__DESCRIPTION OF THE TASK__: Copy everything in the records exactly; the pictures stay out.
*** Opening RECORD EXTRACTS ***
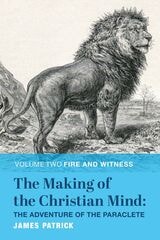 cover of The Making of the Christian Mind: The Adventure of the Paraclete: Volume II: Fire and Witness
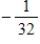 <strong>Find the determinant of the matrix. </strong> A)32 B) C) D)0 E)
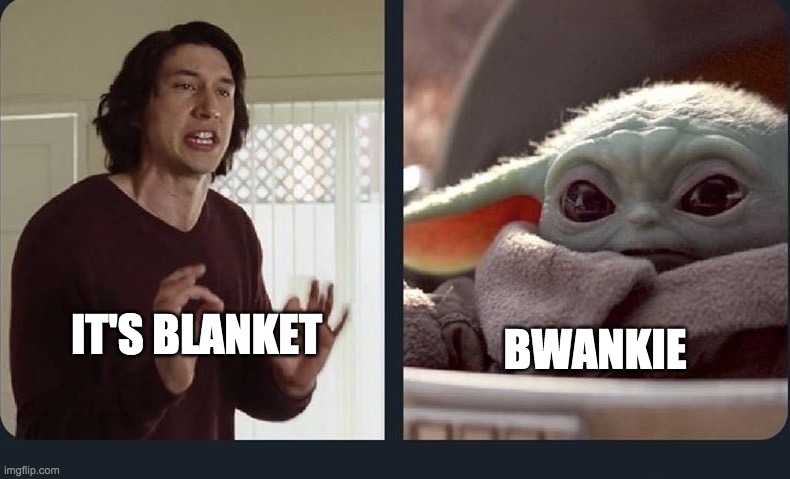 Kylo Ren Baby Yoda | BWANKIE; IT'S BLANKET | image tagged in kylo ren baby yoda | made w/ Imgflip meme maker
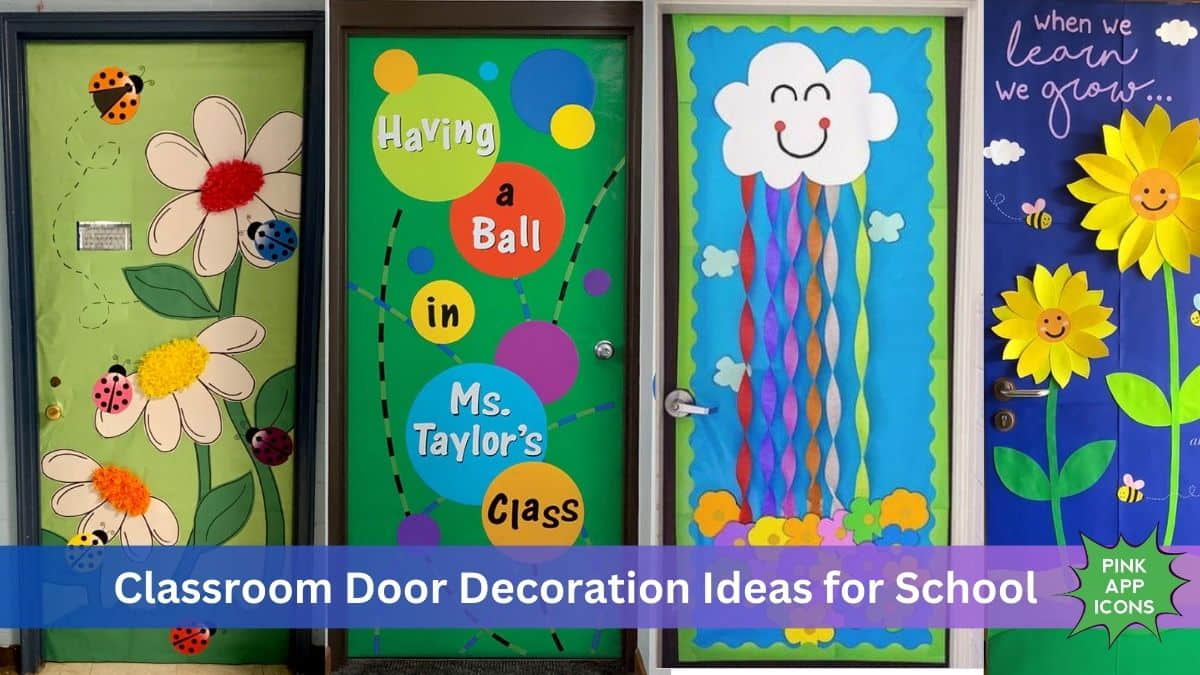 Classroom Door Decoration Ideas for School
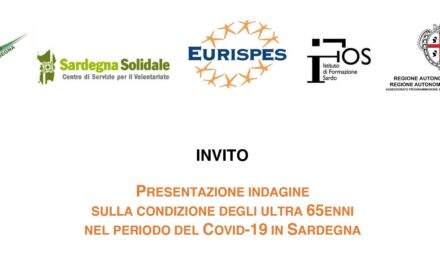 PRESENTAZIONE INDAGINE SULLA CONDIZIONE DEGLI ULTRA 65ENNI NEL PERIODO DEL COVID-19 IN SARDEGNA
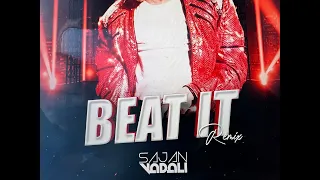 MICHAEL JACKSON - BEAT IT - [Sajan Vadali Remix] | 2022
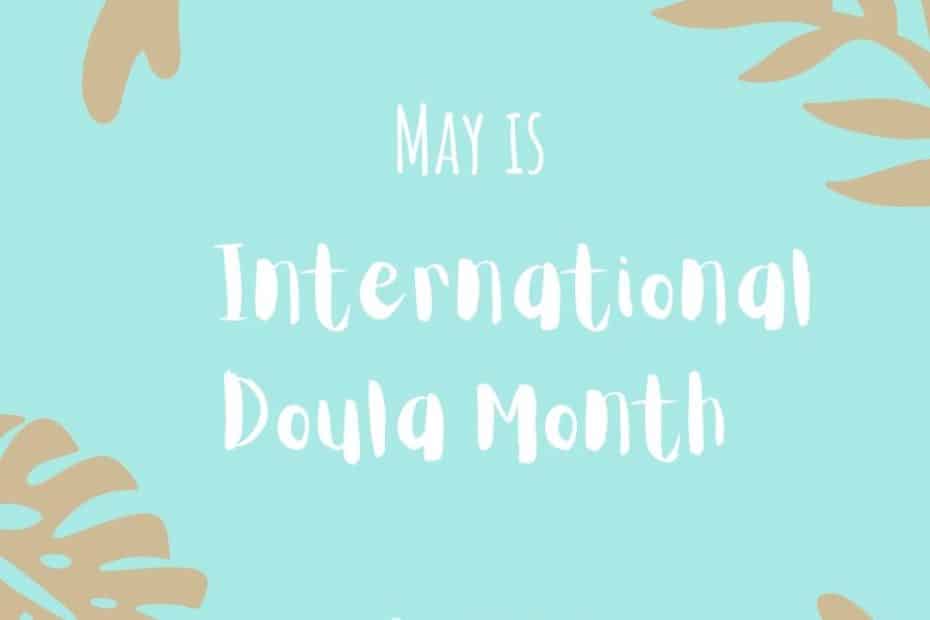 May is International Doula Month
*** Closing RECORD EXTRACTS ***
__WRITTEN RESPONSE__:
 cover of The Making of the Christian Mind: The Adventure of the Paraclete: Volume II: Fire and Witness
 <strong>Find the determinant of the matrix. </strong> A)32 B) C) D)0 E)
 Kylo Ren Baby Yoda | BWANKIE; IT'S BLANKET | image tagged in kylo ren baby yoda | made w/ Imgflip meme maker
 Classroom Door Decoration Ideas for School
 PRESENTAZIONE INDAGINE SULLA CONDIZIONE DEGLI ULTRA 65ENNI NEL PERIODO DEL COVID-19 IN SARDEGNA
 MICHAEL JACKSON - BEAT IT - [Sajan Vadali Remix] | 2022
 May is International Doula Month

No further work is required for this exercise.